*** DATA EXTRACT ***
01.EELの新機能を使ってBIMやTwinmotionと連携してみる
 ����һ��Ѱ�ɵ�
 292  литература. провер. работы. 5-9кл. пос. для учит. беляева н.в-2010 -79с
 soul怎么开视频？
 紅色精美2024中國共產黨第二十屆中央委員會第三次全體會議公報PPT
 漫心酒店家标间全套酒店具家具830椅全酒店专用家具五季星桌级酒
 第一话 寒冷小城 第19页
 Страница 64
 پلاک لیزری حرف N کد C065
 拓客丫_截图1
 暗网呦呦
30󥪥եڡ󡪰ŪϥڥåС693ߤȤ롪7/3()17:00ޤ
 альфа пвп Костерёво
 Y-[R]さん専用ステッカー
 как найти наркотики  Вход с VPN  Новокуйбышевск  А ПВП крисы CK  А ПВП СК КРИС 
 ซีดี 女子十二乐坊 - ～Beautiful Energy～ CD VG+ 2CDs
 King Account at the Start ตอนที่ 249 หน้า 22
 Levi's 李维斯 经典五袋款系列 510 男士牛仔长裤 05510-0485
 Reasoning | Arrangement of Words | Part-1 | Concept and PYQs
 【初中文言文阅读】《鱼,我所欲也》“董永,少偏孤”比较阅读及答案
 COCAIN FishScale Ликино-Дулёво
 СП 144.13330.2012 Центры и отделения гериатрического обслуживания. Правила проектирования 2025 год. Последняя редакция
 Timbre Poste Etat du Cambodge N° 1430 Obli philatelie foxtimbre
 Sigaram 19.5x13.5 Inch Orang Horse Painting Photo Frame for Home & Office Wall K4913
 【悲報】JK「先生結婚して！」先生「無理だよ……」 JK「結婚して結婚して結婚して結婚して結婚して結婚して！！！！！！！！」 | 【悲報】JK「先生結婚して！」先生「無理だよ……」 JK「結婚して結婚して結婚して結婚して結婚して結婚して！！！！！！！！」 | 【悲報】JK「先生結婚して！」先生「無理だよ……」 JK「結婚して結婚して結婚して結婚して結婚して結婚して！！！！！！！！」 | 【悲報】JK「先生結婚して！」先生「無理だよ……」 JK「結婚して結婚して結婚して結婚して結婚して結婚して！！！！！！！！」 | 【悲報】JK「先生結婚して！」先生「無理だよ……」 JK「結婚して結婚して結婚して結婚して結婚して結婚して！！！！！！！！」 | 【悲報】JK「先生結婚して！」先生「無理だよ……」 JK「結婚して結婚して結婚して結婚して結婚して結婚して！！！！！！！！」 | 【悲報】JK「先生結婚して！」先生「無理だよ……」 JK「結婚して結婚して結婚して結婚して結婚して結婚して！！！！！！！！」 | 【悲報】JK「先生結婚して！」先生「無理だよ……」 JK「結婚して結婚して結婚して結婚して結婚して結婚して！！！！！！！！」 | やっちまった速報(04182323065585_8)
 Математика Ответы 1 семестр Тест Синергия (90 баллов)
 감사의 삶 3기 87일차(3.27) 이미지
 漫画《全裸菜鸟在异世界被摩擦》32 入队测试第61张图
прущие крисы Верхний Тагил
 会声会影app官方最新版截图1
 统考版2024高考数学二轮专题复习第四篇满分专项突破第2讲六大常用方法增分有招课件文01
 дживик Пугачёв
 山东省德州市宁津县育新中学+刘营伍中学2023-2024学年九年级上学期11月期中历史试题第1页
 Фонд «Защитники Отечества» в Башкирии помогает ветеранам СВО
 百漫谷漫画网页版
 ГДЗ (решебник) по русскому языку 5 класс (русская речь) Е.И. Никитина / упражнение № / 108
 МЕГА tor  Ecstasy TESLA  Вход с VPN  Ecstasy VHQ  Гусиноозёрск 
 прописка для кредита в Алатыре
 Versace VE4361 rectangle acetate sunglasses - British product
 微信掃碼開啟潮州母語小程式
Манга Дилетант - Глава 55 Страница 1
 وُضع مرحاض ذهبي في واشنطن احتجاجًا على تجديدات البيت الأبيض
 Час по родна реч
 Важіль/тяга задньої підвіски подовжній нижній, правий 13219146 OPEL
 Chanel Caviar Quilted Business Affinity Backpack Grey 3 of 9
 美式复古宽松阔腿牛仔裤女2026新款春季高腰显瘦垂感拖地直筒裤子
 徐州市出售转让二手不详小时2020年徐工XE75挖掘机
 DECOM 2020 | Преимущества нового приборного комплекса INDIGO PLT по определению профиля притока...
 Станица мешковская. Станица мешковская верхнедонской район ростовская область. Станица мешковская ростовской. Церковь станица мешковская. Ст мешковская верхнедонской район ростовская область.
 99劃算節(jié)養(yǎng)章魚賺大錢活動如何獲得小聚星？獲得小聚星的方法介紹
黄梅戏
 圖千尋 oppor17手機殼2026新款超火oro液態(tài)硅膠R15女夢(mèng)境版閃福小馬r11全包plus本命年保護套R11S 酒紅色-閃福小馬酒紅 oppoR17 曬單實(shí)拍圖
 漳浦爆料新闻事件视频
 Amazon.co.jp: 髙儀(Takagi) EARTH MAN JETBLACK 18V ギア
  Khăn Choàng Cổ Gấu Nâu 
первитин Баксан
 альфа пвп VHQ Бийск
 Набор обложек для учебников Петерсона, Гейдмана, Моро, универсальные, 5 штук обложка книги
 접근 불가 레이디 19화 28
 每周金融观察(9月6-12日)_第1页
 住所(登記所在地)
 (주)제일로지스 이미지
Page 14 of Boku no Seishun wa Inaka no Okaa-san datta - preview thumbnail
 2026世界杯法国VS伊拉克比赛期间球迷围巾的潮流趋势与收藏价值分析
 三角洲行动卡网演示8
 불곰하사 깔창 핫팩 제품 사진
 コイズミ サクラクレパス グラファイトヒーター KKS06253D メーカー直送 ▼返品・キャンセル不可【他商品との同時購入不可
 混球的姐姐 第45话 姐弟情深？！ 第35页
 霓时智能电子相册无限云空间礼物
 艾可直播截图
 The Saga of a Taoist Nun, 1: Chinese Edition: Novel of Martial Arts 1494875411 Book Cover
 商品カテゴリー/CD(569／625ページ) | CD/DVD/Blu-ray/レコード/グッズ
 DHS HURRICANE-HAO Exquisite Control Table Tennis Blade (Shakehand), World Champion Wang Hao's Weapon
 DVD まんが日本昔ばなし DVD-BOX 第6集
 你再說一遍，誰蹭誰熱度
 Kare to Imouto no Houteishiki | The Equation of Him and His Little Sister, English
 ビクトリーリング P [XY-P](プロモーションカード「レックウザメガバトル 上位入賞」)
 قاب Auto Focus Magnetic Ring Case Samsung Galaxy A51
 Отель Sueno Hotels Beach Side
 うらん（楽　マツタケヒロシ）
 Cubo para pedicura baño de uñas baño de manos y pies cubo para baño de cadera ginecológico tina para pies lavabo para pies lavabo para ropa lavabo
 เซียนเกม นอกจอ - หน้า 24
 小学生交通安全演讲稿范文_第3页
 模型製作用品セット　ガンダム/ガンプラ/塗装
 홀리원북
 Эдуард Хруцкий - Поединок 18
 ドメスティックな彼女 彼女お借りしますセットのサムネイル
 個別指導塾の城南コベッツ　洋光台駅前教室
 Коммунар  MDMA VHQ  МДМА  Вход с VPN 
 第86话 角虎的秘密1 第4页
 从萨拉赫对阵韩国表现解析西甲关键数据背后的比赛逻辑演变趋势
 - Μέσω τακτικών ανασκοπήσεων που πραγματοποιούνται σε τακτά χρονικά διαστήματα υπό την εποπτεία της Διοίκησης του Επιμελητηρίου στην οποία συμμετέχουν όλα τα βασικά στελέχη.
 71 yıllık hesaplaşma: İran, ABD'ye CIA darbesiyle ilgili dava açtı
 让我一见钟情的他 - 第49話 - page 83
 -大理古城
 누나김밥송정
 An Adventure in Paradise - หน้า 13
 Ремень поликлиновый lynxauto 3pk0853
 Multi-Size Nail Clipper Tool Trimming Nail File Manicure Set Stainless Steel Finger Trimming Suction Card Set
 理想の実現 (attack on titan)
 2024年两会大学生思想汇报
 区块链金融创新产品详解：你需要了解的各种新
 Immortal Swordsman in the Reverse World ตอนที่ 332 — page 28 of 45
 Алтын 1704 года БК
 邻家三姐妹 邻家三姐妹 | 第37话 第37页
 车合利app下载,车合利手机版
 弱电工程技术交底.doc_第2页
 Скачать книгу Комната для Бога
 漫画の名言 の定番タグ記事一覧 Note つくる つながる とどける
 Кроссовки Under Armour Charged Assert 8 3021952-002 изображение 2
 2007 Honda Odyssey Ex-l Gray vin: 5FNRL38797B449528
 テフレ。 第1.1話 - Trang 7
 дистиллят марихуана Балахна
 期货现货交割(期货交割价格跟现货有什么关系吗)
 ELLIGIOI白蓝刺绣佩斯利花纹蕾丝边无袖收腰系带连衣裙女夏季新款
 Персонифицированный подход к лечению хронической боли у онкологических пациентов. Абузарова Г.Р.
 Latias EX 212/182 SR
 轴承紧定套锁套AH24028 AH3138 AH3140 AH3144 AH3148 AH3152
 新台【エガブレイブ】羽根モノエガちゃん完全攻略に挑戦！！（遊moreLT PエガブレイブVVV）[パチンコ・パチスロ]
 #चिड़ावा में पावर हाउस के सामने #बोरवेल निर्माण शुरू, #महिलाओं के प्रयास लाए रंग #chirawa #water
***
PROBLEM REQUIREMENTS ::
From the line holding "99劃算節(jié)養(yǎ" to the line holding "первитин Баксан", inclusive, restate each line above exactly as written.

WRITTEN SOLUTION ::
 99劃算節(jié)養(yǎng)章魚賺大錢活動如何獲得小聚星？獲得小聚星的方法介紹
黄梅戏
 圖千尋 oppor17手機殼2026新款超火oro液態(tài)硅膠R15女夢(mèng)境版閃福小馬r11全包plus本命年保護套R11S 酒紅色-閃福小馬酒紅 oppoR17 曬單實(shí)拍圖
 漳浦爆料新闻事件视频
 Amazon.co.jp: 髙儀(Takagi) EARTH MAN JETBLACK 18V ギア
  Khăn Choàng Cổ Gấu Nâu 
первитин Баксан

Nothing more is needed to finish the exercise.